Are you sure about that? After all, the engineers who developed the vehicle could theoretically do more with it than your typical mom and pop shop because the engineers HAVE all the data. Think Acura and Lexus with their active noise canceling setups OR think Volvo with their prototype line driver array and 62 speaker setup.

Sadly, it's hard to find a mom an pop shop locally that has something as simple as a RTA. Heck, most of them use pre-fabricated everything with speakers that drop into the factory locations with little to no modifications. 

Getting back to OEM setups, the major compromise for the factory sound system is cost. I am sure that would change if more individuals were willing to pay more but the bottom line is that the automaker thinks about their bottom line.


----------



## David_Edwards (Nov 12, 2008)

ChrisB said:


> Are you sure about that? After all, the engineers who developed the vehicle could theoretically do more with it than your typical mom and pop shop because the engineers HAVE all the data. Think Acura and Lexus with their active noise canceling setups OR think Volvo with their prototype line driver array and 62 speaker setup.




yeah...62 speakers in a car scream SQ to me


----------



## ChrisB (Jul 3, 2008)

David_Edwards said:


> yeah...62 speakers in a car scream SQ to me


You're just jealous because Eldridge is going to run that vehicle in OEM class and beat everybody.:laugh:


----------



## David_Edwards (Nov 12, 2008)

ChrisB said:


> You're just jealous because Eldridge is going to run that vehicle in OEM class and beat everybody.:laugh:



yep...you got me there Chris


----------



## 89grand (Nov 23, 2006)

I'd bet money that the factory system with 62 speakers smokes most after market boosted treble, and dumb level of bass setups that make up 90% of all after market systems.

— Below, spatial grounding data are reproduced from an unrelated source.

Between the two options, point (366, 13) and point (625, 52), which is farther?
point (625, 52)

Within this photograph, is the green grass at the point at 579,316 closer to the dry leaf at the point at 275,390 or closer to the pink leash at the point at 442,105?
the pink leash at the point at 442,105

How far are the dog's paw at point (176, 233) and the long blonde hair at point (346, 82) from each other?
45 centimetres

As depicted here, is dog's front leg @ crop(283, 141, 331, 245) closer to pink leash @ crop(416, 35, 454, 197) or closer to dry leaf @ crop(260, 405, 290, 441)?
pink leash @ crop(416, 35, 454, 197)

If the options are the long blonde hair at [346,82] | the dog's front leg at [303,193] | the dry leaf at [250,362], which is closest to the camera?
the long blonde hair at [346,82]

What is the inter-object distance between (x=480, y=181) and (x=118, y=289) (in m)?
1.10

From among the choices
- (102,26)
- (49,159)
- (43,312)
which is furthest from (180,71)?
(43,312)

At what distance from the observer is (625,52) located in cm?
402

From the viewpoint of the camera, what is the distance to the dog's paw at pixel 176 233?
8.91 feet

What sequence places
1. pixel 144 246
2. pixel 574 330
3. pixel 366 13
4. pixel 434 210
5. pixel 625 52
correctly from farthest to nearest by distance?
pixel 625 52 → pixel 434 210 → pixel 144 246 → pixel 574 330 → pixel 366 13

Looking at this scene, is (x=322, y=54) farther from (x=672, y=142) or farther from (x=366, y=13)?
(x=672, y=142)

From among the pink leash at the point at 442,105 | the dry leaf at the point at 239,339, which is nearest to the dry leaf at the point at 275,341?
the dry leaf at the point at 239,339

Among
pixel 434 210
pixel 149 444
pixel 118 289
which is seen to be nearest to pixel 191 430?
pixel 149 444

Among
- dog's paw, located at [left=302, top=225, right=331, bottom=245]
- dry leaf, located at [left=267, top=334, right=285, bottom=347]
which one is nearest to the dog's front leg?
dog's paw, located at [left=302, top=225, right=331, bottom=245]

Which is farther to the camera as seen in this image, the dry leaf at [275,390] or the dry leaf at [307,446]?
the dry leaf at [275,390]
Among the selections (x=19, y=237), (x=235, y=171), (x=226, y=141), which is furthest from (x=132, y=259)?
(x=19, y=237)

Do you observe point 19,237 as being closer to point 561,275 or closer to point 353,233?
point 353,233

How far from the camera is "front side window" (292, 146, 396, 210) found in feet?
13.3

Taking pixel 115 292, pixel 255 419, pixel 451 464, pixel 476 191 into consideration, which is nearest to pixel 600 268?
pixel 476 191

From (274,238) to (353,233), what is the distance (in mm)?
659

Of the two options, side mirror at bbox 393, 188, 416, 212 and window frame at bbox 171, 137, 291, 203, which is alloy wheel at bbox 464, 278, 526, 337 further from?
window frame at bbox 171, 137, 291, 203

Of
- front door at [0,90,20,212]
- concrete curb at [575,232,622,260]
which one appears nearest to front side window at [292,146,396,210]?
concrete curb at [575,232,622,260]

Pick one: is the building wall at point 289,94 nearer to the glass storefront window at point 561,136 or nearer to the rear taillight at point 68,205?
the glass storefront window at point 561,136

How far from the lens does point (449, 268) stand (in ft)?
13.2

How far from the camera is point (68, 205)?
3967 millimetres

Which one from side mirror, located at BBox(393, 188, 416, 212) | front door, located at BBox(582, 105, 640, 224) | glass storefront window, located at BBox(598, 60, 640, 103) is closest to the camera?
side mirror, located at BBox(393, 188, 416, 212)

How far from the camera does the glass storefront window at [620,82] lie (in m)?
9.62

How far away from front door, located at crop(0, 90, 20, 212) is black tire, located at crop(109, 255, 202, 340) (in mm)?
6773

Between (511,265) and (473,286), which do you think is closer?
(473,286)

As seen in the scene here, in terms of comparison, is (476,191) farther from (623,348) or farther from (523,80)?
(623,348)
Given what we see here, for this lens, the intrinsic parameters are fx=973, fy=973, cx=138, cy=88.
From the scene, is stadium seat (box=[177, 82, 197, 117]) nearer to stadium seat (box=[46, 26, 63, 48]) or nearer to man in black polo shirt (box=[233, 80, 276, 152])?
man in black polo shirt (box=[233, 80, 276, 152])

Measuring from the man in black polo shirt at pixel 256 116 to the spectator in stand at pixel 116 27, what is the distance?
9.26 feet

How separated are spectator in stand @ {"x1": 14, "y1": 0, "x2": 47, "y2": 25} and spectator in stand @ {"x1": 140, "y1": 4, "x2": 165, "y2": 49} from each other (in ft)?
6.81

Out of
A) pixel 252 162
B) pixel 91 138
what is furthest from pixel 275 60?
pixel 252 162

My unimpressive stock Boston setup in my Magnum probably sounds better than many ****ty after market setups. Not louder, but tonally better.


----------



## David_Edwards (Nov 12, 2008)

The people/cars listed are FAAAAAR from "****ty aftermarket set ups"


----------



## SomeGuy748 (Feb 24, 2010)

ChrisB said:


> Are you sure about that? After all, the engineers who developed the vehicle could theoretically do more with it than your typical mom and pop shop because the engineers HAVE all the data. Think Acura and Lexus with their active noise canceling setups OR think Volvo with their prototype line driver array and 62 speaker setup.
> 
> Sadly, it's hard to find a mom an pop shop locally that has something as simple as a RTA. Heck, most of them use pre-fabricated everything with speakers that drop into the factory locations with little to no modifications.
> 
> Getting back to OEM setups, the major compromise for the factory sound system is cost. I am sure that would change if more individuals were willing to pay more but the bottom line is that the automaker thinks about their bottom line.

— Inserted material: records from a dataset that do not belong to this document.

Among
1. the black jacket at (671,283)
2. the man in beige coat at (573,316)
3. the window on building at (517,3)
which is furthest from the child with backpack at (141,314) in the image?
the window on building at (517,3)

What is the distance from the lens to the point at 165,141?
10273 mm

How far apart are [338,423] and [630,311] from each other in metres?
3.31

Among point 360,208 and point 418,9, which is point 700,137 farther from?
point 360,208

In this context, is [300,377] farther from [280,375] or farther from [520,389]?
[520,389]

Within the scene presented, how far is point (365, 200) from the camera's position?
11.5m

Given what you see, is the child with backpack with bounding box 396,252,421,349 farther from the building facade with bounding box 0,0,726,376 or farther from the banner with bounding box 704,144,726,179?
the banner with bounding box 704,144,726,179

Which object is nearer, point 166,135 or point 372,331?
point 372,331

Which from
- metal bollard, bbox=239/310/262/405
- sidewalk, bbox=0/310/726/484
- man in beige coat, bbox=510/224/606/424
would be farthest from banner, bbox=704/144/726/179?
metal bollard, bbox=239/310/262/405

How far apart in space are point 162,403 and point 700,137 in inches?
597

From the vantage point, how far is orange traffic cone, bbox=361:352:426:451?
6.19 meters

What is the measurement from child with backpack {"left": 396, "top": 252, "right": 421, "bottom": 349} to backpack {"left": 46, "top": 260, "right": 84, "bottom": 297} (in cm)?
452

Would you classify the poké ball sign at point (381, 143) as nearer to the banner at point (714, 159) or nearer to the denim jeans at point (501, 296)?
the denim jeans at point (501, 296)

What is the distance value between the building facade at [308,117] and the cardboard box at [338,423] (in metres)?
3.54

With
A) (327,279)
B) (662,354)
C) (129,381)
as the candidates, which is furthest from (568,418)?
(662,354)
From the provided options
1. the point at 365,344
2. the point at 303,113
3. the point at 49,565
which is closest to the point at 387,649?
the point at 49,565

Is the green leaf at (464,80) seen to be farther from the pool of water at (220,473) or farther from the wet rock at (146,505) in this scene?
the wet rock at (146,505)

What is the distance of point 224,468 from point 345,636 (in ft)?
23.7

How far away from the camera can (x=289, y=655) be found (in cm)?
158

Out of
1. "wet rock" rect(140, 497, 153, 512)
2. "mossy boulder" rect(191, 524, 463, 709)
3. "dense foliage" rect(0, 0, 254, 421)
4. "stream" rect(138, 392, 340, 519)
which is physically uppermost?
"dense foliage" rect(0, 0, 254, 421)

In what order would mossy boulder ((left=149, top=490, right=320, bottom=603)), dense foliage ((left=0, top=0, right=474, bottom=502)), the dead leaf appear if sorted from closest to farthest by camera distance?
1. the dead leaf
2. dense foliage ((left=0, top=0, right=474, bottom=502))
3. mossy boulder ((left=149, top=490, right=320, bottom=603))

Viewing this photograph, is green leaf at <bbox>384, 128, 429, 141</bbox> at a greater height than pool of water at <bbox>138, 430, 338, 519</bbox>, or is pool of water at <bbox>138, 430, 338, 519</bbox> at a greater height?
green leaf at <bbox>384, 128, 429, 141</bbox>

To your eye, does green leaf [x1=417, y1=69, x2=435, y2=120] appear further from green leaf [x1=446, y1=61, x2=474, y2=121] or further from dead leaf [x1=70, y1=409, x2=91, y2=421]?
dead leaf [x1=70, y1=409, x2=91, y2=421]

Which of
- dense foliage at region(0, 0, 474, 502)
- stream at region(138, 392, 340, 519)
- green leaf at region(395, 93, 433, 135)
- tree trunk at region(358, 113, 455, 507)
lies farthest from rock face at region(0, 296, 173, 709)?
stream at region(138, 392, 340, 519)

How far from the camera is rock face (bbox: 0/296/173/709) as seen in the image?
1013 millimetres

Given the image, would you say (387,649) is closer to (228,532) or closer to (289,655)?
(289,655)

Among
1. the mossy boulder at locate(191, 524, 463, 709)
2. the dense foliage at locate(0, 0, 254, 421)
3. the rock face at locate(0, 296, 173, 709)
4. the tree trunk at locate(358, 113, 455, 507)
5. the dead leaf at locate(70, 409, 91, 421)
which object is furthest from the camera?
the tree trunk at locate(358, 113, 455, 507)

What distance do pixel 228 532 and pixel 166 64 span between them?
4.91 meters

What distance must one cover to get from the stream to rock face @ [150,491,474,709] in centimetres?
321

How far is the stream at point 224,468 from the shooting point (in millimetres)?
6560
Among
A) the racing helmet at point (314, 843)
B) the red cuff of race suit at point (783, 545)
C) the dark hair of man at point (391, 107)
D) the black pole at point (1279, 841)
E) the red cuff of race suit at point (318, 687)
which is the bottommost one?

Cost?? Have you looked at the speakers car makers use? They are crap and people are paying a premium for them. The car makers are already ripping people off with these systems and more and more people know it. That's why they don't want to pay more. Nobody likes getting ripped off. I have yet to see one of these "Premium" OEM systems that couldn't be upgraded with a simple speaker change. The price that car dealers charge for replacement OEM crap is completely mind blowing. It's no wonder people don't trust them.

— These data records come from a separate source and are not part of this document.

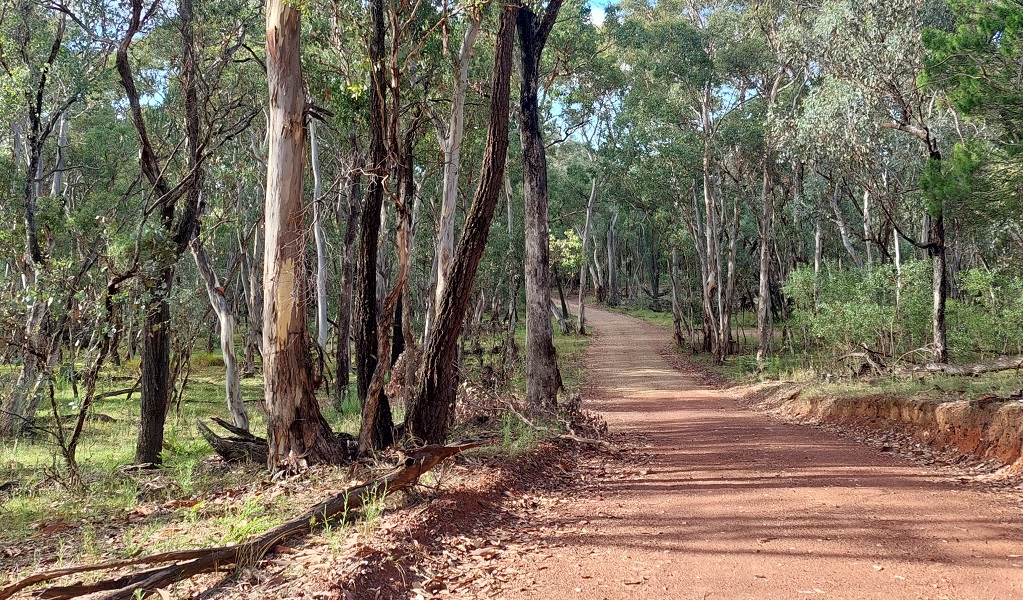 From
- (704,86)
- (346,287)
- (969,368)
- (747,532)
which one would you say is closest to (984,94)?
(969,368)

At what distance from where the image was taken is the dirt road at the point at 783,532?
434cm

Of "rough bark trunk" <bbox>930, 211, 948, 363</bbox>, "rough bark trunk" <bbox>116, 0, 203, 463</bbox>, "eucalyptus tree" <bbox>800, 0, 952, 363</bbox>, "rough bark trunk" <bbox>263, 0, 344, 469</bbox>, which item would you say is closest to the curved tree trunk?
"rough bark trunk" <bbox>116, 0, 203, 463</bbox>

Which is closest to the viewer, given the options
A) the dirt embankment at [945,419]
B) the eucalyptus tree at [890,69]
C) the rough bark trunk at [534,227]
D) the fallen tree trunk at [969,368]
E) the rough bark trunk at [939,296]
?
the dirt embankment at [945,419]

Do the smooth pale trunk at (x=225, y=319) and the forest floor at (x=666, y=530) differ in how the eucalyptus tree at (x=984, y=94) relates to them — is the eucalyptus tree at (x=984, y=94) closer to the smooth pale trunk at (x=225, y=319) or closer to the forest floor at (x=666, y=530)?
the forest floor at (x=666, y=530)

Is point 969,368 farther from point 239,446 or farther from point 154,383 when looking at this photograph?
point 154,383

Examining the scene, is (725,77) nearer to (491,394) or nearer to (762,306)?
(762,306)

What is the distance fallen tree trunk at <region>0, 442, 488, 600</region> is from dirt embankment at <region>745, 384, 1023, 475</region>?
6428 millimetres

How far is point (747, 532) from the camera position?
17.7 ft

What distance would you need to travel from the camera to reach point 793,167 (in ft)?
78.2

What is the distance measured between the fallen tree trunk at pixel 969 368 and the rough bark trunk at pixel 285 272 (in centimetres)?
950

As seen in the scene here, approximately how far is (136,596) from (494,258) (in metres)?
20.9

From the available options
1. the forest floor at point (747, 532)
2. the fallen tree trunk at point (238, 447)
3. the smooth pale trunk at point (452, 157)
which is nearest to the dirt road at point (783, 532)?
the forest floor at point (747, 532)

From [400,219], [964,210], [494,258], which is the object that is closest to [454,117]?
[400,219]

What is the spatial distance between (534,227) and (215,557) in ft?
27.9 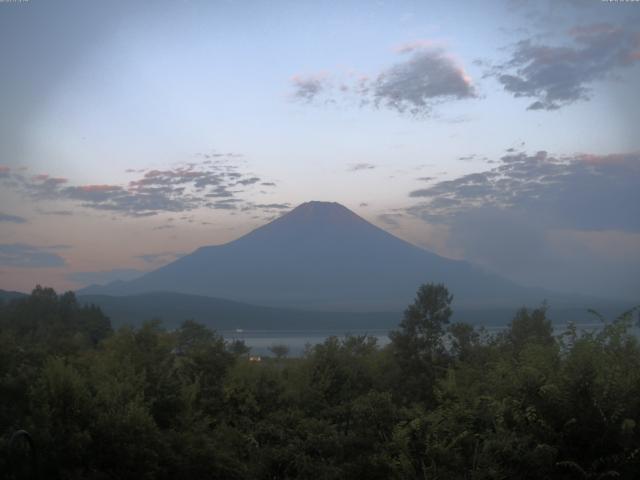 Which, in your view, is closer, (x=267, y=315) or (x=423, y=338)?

As for shops having an RTA, what do they need one for? 99% of people that go into a car stereo store regardless of it being a big box or mom and pop don't like how a system sounds that has been tuned with an RTA. Yes, they will agree that is sounds good, but turn them loose with it and I can guarantee you they will boost the bass and treble and screw up the RTA work. Look, I'm not against shops having an RTA, but you have to remember that what you read here on this forum is not what is really happening on a retail level and most shops that do have RTA's find that they collect dust more than business.


----------



## sqcomp (Sep 21, 2009)

^He he...who is this guy? 

What he's saying is true. I'd imagine that out of someguy's client roster there may be one person who seriously needs or wants to use the RTA. I wonder who that is? 

The basis for the statement still stands. Who the heck is anyone seriously supporting MECA when all they do is coddle OEM sack for money? That's all stern did when he gave the caddy a 76.5 score. Now all I have to do is get a rental car and roll into a couple local shows with it and make finals. Then go to world add a processor and rape everyone else who has ever put real time into achieving great sound.

Sorry...MECA isn't about good sound or the competitor. It's about Stene Stern lining his pockets, scruples be damned.


----------



## thehatedguy (May 4, 2007)

Do you actually know Steve Stern? I'm sure lining his pockets is the last thing he is doing by running MECA.


----------



## chefhow (Apr 29, 2007)

sqcomp said:


> Sorry...MECA isn't about good sound or the competitor. It's about Stene Stern lining his pockets, scruples be damned.


That is a rediculous statement and completely WRONG!!!


----------



## sqcomp (Sep 21, 2009)

Okay...Is it rediculous? Am I wrong? Well, throw something my way to support your statement. Disprove my claims.

Tell me how his judges are competely objective and unbiased in scoring? 

Tell me about the league (and therefore Steve Stern's) business practices of trying to drag manufacturers into the leauge? 

Tell me how ONE Mark Eldridge (who I used to look up to as an icon of the competitive audio world) seems to get very VERY similar scoring each time he goes into the lanes...whereas EVERYONE else varies wildly, especially at finals?

How much did MECA charge to "judge" the OEM vehicles? You're going to tell me that by directly gutting our own aftermarket competitors with a 76.5 score on that Caddy, this is a good thing? You DO realize that the OEM manufacturers can now say that the Caddy/Bose system is MECA Certified right? Forever associating MECA with CRAP sound! 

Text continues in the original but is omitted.